Abstract: Potato Virus Y (PVY) isolates differed in pathogenicity and molecular properties were found in potato and wild plants in the Far East of Russia. The results of linking research of nucleotide sequence similarity and polymorphism of P1 gene region and serological and biological assays suggested that the viruses originated from a recombination and/or host adaptation events involving the ordinary type virus (PVY0) that led to development of necrotic type virus (PVYN/NTN) properties in the Far-Eastern PVY isolates.
INTRODUCTION
The spreading of PVY infection characterized by occasional severe damage of crop was observed in potato fields in the Far-Eastern region of Russia. The disease rarely occurred in the Northern boundary of potato cultivation in Russia. Whereas, it was widely distributed in the Southeast (Khabarovsk krai, Primorsky krai and Amur River oblast) (Romanova et al., 2007). Some PVY isolates were highly variable by different pathotypic properties and frequent spontaneous differentiation. The minor differences in the variable region part of the PVY genome such as P1 coding region was found to be useful for simplification of various PVY strain groups identification and differentiation (Nie and Singh, 2003a). Clustering the PVY isolates by a high degree of polymorphism in the P1 coding region correlated with symptoms and geographical distribution (Tordo et al., 1995; Krishanu et al., 2004; Ogawa et al., 2007). Mosaic structure of the nucleotide sequences can cause amino acid substitutions in P1 protein that often lead to more significant changing in the virulence properties of PVY (Matousek et al., 2000; Nie and Singh, 2003a; Chikh Ali et al., 2007). The construction of chimeric genomes in vitro on the base of even nearly identical PVY genomes have been demonstrated to give rise to new viral strains with novel virulence and symptom phenotypes (Paalme et al., 2004; Tribodet et al., 2005). In the most cases, new viruses came into existence because of single or multiple recombination between the strain genomes (Worobey and Holmes, 1999; Glais et al., 2002; Fanigliulo et al., 2004; Almeida et al., 2007). However, the virus alterability can also be caused by the point mutation changes (Nie and Singh, 2003b; Chikh Ali et al., 2007).

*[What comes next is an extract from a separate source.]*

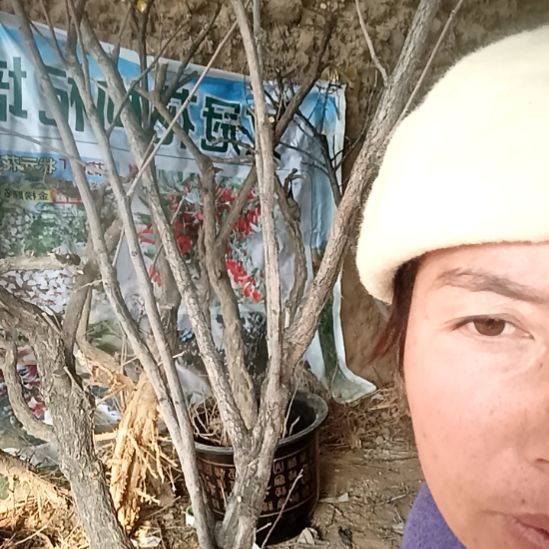 自***）完全开放文冠树一颗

The aim of this study was to characterize and compare the most pathogenic PVY isolates recently appeared in the Far-Eastern of Russia.
MATERIALS AND METHODS
Biological tests: Biological property tests of the isolates were performed with both mechanical inoculation and transmission through potato and tobacco seeds and green peach aphids. Potato fields of Primorsky krai and adjoining wild plants were surveyed during 2006 and 2008 years and virus samples were collected from symptomatic plants. Symptomless plants were screened for latent infection and used as negative controls. Thirty eight plant species were used as indicator-plants. Ten indicator-plants per species were used for inoculation. Plants were cultivated in sterile soil in greenhouse with temperature between 25-27°C for 15-18 h in the day time, 18-20°C in the night time, 60-70% relative humidity and 500-800 lx illumination intensity. Mechanical inoculation was performed at the 3-6 genuine leave stages. For vector transmission, the adult insects, Myzus persicae Sulz., were allowed to be starveling during 3 h and then placed to the infected tobacco plants, N. tabacum L. cv. Xanti nc and the different tomato cultivars. Not less than 10 insects per one indicator-plant were transferred.
Serological tests: A necrosis strain of PVY (PVYNTN), kindly given by Dr. J. Varitsev, The Russian Potato Research Institute and ordinary strain PVYcom, which was delivered with the potato from the central part of Europe in 1998 year, were used as a reference standard of antigenic properties of the isolates in ELISA tests as previously described by Koenig and Paul (1982).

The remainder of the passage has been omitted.